++++ Data shown ++++
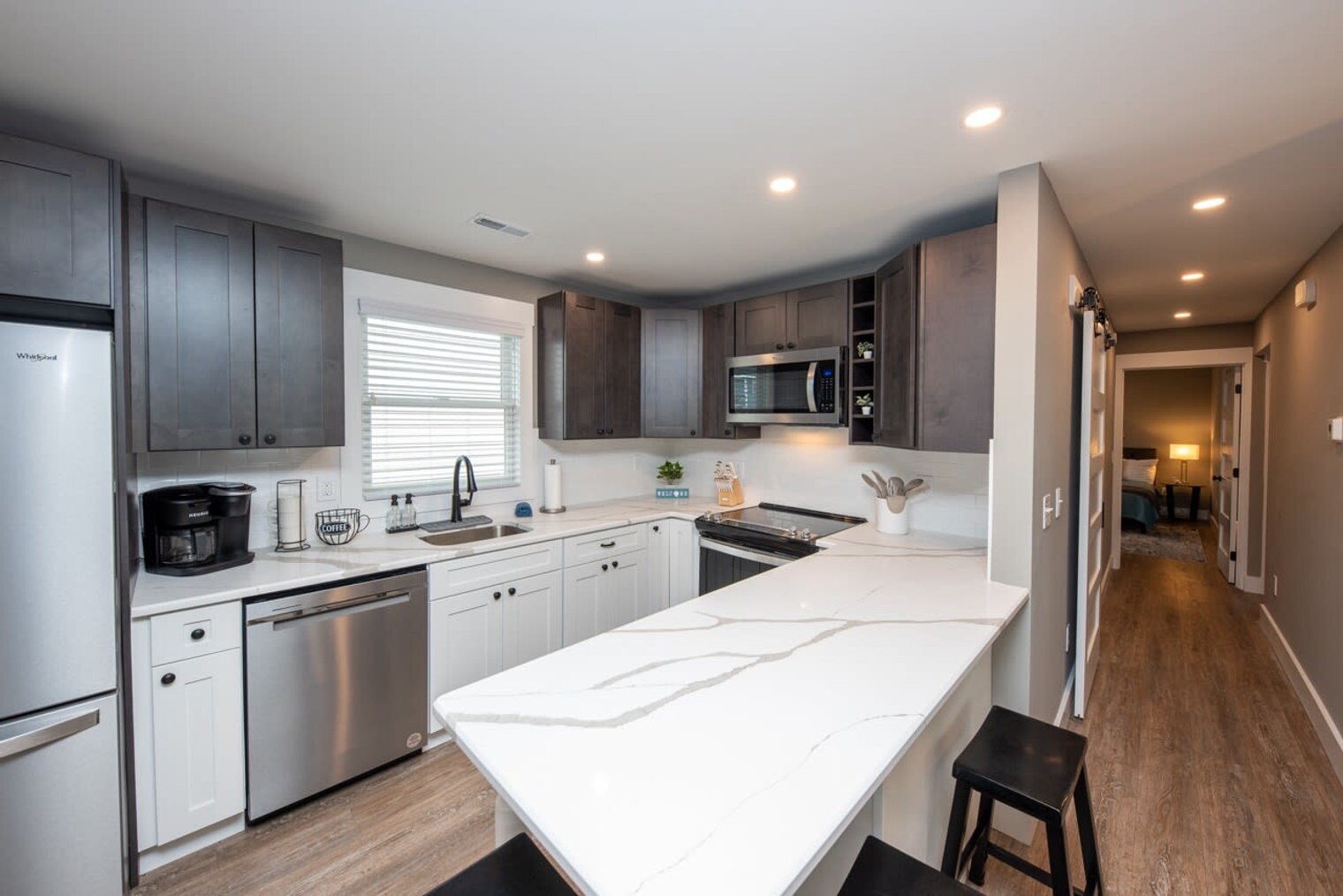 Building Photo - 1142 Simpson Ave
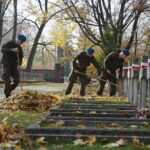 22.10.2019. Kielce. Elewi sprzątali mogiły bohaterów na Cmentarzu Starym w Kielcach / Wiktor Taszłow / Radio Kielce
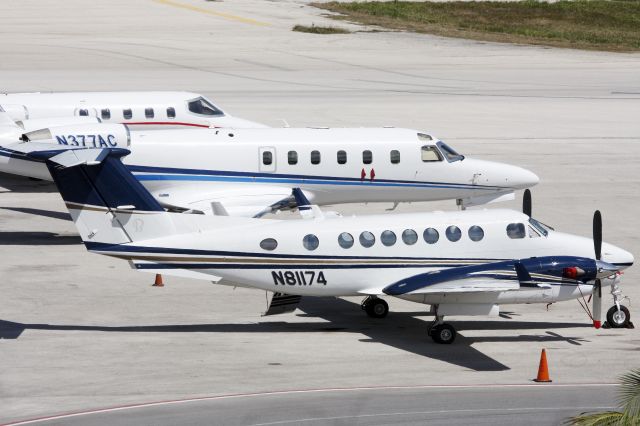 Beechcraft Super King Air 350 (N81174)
++++
Could you transcribe the material above exactly, keeping every picture out?

 Building Photo - 1142 Simpson Ave
 22.10.2019. Kielce. Elewi sprzątali mogiły bohaterów na Cmentarzu Starym w Kielcach / Wiktor Taszłow / Radio Kielce
 Beechcraft Super King Air 350 (N81174)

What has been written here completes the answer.